═════ Input data

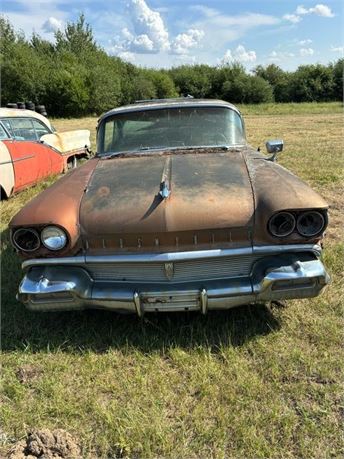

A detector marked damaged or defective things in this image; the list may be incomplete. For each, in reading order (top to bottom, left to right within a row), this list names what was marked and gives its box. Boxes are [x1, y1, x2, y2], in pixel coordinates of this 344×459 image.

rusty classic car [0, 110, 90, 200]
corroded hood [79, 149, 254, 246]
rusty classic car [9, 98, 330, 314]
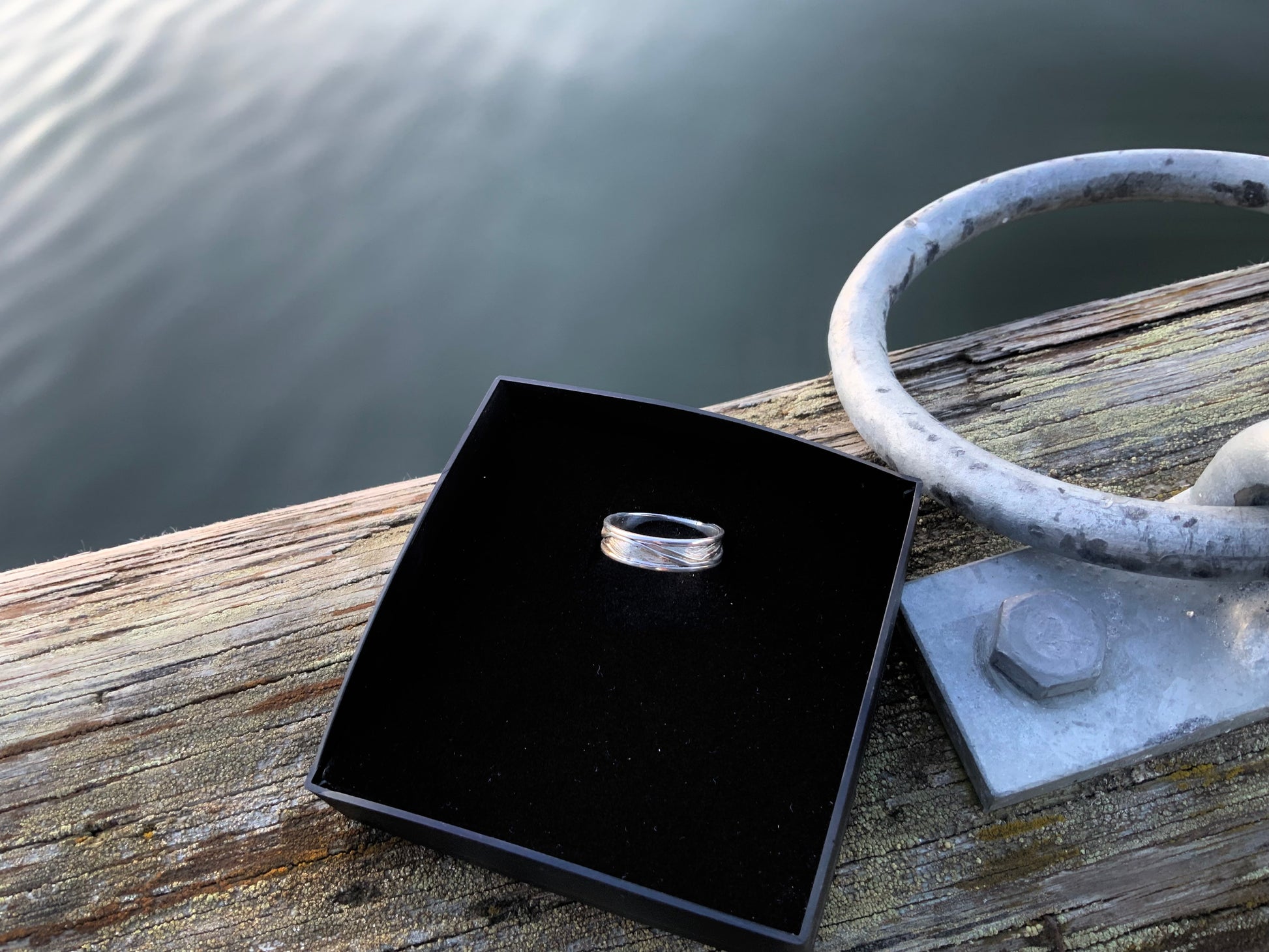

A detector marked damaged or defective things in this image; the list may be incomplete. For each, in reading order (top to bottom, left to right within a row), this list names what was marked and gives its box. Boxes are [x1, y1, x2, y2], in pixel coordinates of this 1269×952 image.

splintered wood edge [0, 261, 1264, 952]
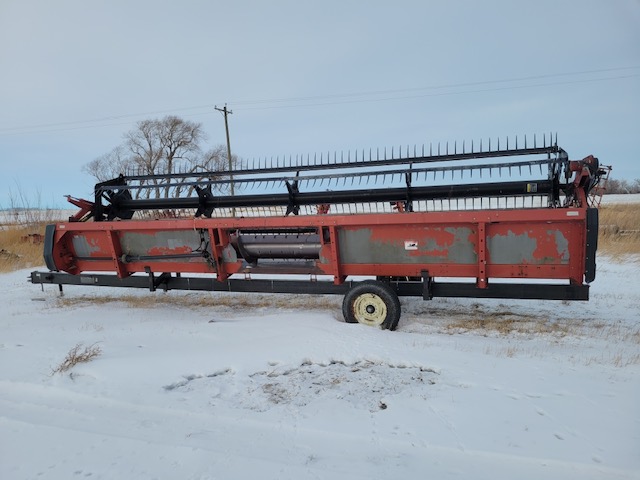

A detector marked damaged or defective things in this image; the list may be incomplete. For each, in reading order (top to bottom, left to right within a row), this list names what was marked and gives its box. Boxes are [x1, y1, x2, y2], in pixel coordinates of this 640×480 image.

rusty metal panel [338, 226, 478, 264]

══════════

Once the pictures are set aside, repeat the remaining data word for word.

A detector marked damaged or defective things in this image; the list may be incomplete. For each, in reading order (top to bottom, left to right within a row), this list names what was marked and gives its box. Boxes are [x1, y1, x2, y2], in pixel coordinates of this 344×459 image.

rusty classic car [0, 110, 90, 200]
corroded hood [79, 149, 254, 246]
rusty classic car [9, 98, 330, 314]

A detector marked damaged or defective things in this image; the list may be incomplete. For each, in reading order (top to bottom, left to right within a row), this list names what was marked and gives its box. Boxes are [x1, y1, x2, y2], in pixel coordinates of this 1269×952 image.

splintered wood edge [0, 261, 1264, 952]

A detector marked damaged or defective things in this image; the list may be incomplete. For each, in reading order (top to bottom, left to right within a row), this list names what was marked and gives its box. Boxes are [x1, y1, x2, y2], in pixel coordinates of this 640×480 image.

rusty metal panel [338, 226, 478, 264]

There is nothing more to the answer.